American actor (born 1953)

Franklyn Richard "Rick" Macy (born October 18, 1953) is a Latter-day Saint actor who has played the role of Joseph Smith, Sr. in several films and has also played other roles in films produced by the Church of Jesus Christ of Latter-day Saints, in Latter-day Saint cinema and in films produced in Utah or by Latter-day Saints aimed at a wider audience.

In 2006, Macy had a role in the feature film Outlaw Trail: The Treasure of Butch Cassidy, portraying the mayor of Circleville, Utah. He also has appeared in Willy the Sparrow (1989) and had the role of Dr. Thomas Almoldovar in The Butter Cream Gang in Secret of Treasure Mountain, a direct-to-video production of Feature Films for Families made in 1993. This role has been inaccurately described as Macy's debut.

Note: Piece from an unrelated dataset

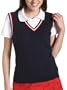 IZOD Golf Women's Cable Crest With Tipping Sweater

Macy played the role of Helam in The Testaments. He has also played roles in other widely distributed LDS Church productions, including that of the Creditor in "The Mediator," a film about mercy and justice.

Macy also had roles in Brigham City, Little Secrets, Out of Step and Money or Mission, among other films. He was also the casting director for the 1993 film Rigoletto.

Macy is married to Marsha, and has three children with her.